Reading not listening

However, my music consumption never stops. Rather than listening I found myself reading music. The usual sources came into play: The Guardian’s Film & Music on Fridays (beach reading doesn’t come much better), the latest Word, Uncut and Mojo (best of the three – the Word’s interview with Robert Wyatt – whataguy). I did head out on August’s middle Sunday to buy The Observer Music Monthly, but sadly, there was no sign of it. Worrying.

However, more unusually, I took along issue number one of Loops, the new ‘journal’ of music writing from indie label Domino and Faber & Faber – arty, even a little pretentious perhaps, but diverting enough for more cerebral, abstract moments.
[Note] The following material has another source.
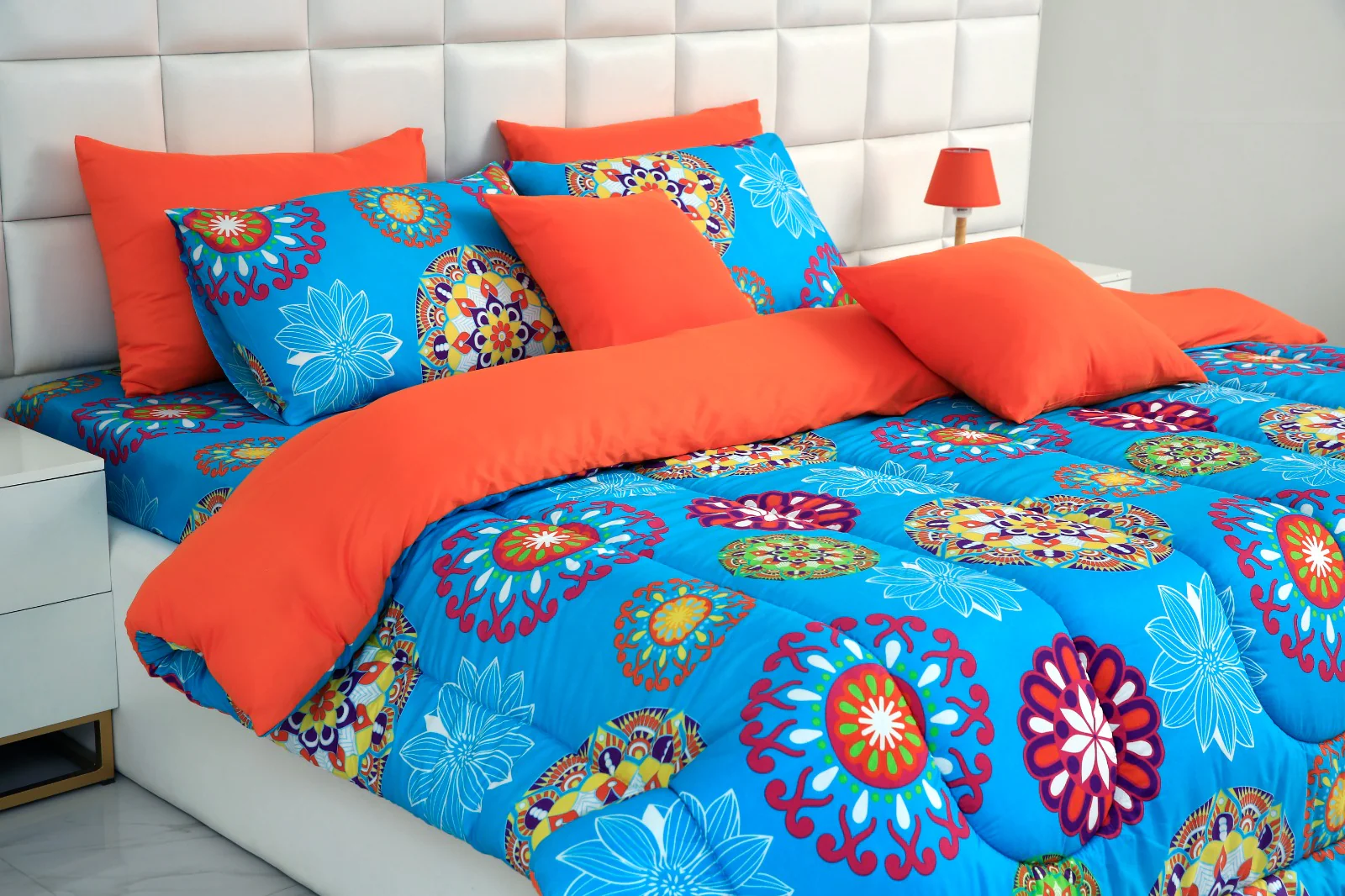 5 PCs Single Comforter Set-(15191)Turquoise Flower - Image 6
Similar was the music special edition of The Believer, which came with the best covermount compilation CD I’ve heard yet, plus an interesting (but not fascinating) interview with Thom Yorke.

Thom’s one of the few artists I’ll always make the time read (along with Nick Cave, Mark Linkous and the Gallaghers (the latter purely for laughs)). His most interesting insight on music from this piece was the new emphasis on ‘natural selection’. Something I’ve blogged about recently is too much music and the inefficiency of current distribution systems in getting the right music to consumers. On the artist side, with so much ‘competition’ and noise – and hype – one thing that will be on your side is just how good you really are – the natural selection point.

It’s a view many artists hold now and I think is a healthy one for both artists and businesses alike these days. Quality of content and innovation in the way you release it, will prevail.
Also, his recommended music site Boomkat http://boomkat.com/ is well worth a look. It’s another new content brand featuring a filtered approach to independent music along with many of the others I have featured on this blog including Think Indie, Mondomix, Lost Tunes, Daytrotter et al.

Finally, his (rather secretive) comments about the new Radiohead project whetted the appetite nicely – though it looks like Radiohead will be releasing a series of singles or ep’s rather than an album. I hope they don’t disappoint. Seeing the footage from Reading reminded me of just how great Radiohead is. They are the only current band I can think of that can captivate and mesmerize a large audience live in the same way the old greats can (which seems at odds with the booming live industry). We need more of them and more from them.

Talking of greats, I also read a shed load of reviews for The Arctic Monkeys new album (it’s out, but I’m currently restraining myself) and The Fabs. Decidedly mixed reviews, which is interesting, but the bands current ‘career position’ fascinates me and I’m looking forward to hearing it for that as well as the music itself. Oh - and catching up with their Reading headline slot too.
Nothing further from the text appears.